Therapy can also help, though again not by ‘curing’. Understood generically, therapy provides comfort (you are not alone with your woes), clarification (there are sound reasons why you feel the way you do) and support (I will help you deal with your predicament) (Smail, 2001b). In an atomised, fragmented, time-poor society, where solidarity and collectivity are derided, time limited, and relationships consistently infected with a toxic instrumentalism, these are valuable, compassionate functions.
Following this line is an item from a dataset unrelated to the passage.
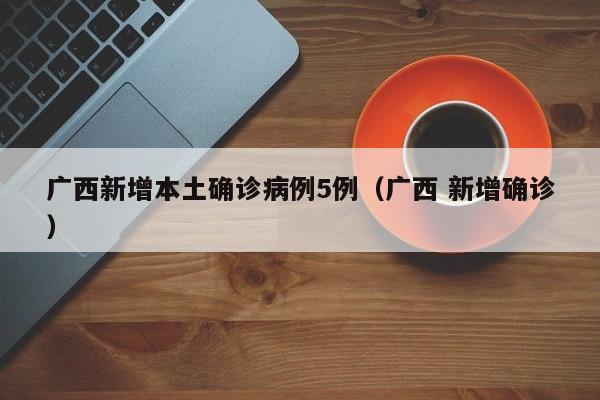 广西新增本土确诊病例5例(广西 新增确诊)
At its best, psychological therapy can help the sufferer to understand distress, not as a (more or less wilful) failure of insight, motivation or learning, but as the inevitable result of living in a noxious world. Moreover, both medication and therapy can help people make better use of the powers and resources already available to them. Both may draw attention to unrecognized resources (e.g., solidarity with others); make it feel permissible to use available powers and resources; change the ways that people use available powers and resources; or explicitly support people to cease viewing themselves as ‘the problem’.

With the exception of iatrogenic poisoning and disciplinary self-regulation, neither therapy nor medication has any other significant influence.

12. Successful psychological therapy is not primarily a matter of technique
When therapy succeeds it seems to be primarily a matter of two kinds of influence: on the one hand relationality (ordinary human compassion and understanding); on the other, coincidence with social and material and circumstances and resources.

In the therapy literature is it well established that the clients who do best are generally young, attractive, verbal, intelligent and successful – YAVIS (Pilgrim, 1997). By contrast, the people whose needs are described as ‘complex’ and requiring long-term treatment are usually the poorest (Davies, 1997; Hagan & Donnison, 1999). Where people have (or can obtain) more resources then they will have more scope to act upon whatever insights they might have gained.

It is also well-established in this literature that so-called ‘non-specific factors’ are a consistent predictor of good outcomes: in other words, that the therapist and client are able to establish a good relationship (Mair, 1992; Norcross, 2010). Indeed, unlike professional therapists, service users frequently declare the most ordinary aspects of therapy the most helpful: listening, understanding, respectfulness.

Despite this, therapy is mostly presented as a matter of technique. CBT, psychoanalysis, and almost all other schools of therapy appear as specialist technologies of subjectivity, skilled interpersonal practices founded on specific assumptions, locked in place by particular theories and evidence bases. In a thoroughly commodified society it is perhaps understandable that some practitioners will want to have branded, marketable products, just as in a professionalised culture some will want to identify themselves as bearers of highly specialised knowledge and skills. Like everyone else, therapists must earn a living, so it is only to be expected that interest should influence how they present themselves and their work. Nevertheless, doing so distracts attention from the actual causes of distress by bolstering the belief that it is a mysterious state amenable only to professional help; it disables friends and family, who may feel that they could not possibly understand; and it negates the contribution of community, solidarity and trust. The presentation of therapy as specialised technique cheapens and oversells psychology itself; leads to resources being wasted comparing the marginal differences between this brand and that; and deflects effort and attention from the very real opportunities for psychological research and insight that are supplied by the highly privileged situation of the therapeutic encounter.